Julie Burke and Michael Spector - May 26, 2024
uspto pockets excess fees

$15,880 Gone!

$13,900 Missing!

$13,540 Taken!

$17,120 Lifted!

$6,390 Pilfered!

$8,300 Borrowed!

This article is dedicated to inventors and IP practitioners who have checked their USPTO deposit accounts only to realize “we’ve been robbed!”  Unlike the burglar who stealthily snuck into Steve Martin and John Candy’s motel room in Planes, Trains and Automobiles under the cloak of darkness, the USPTO absconds with patent applicants’ money in broad daylight. Here, in Part I, we investigate the USPTO’s unjust taking of fees in the above amounts for excess claims, multiple dependent claims, and other filing fees. In Part II, we investigate the extreme and, sadly, often unsuccessful measures inventors must go through to try to get their money back.  

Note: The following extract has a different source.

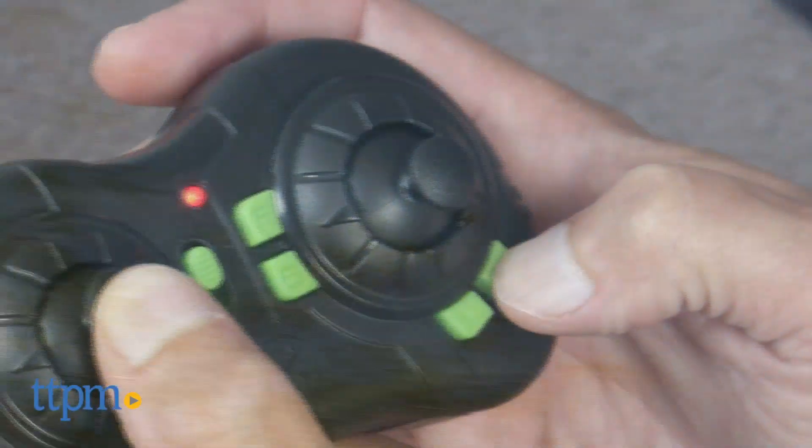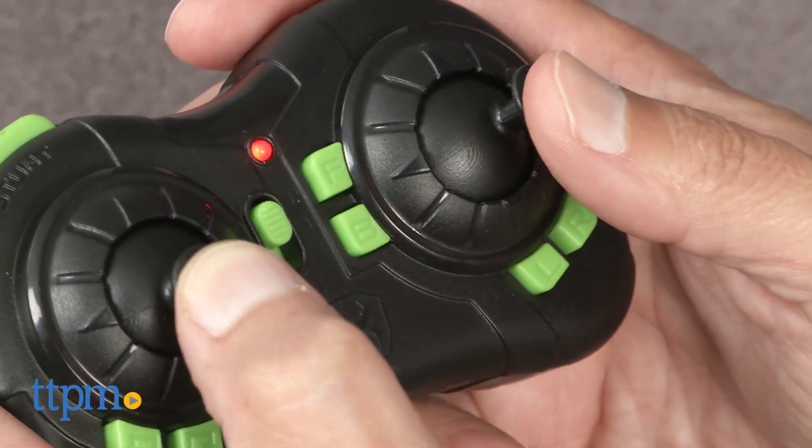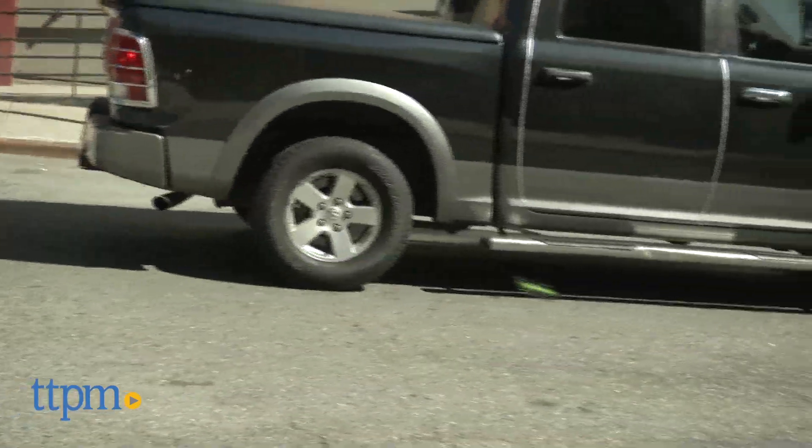You also have six trim buttons. So if you're going too far to the left, you press the right trim and it brings it back to the right. It takes a while to get used to the trim buttons, but once you do, you can straighten out this RC pretty quickly. I went outside and after about ten minutes I was controlling it pretty well.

How the USPTO Collects Excess Fees for Newly Filed Utility Applications

Applicants from jurisdictions outside the United States commonly submit applications, including national stage filings of Patent Cooperation Treaty (PCT) applications, with multiple dependent claims, more than three independent claims, and/or more than 20 claims in total. Inventors are currently charged additional fees to examine these burdensome claim sets. The USPTO has proposed to increase these fees in October 2024.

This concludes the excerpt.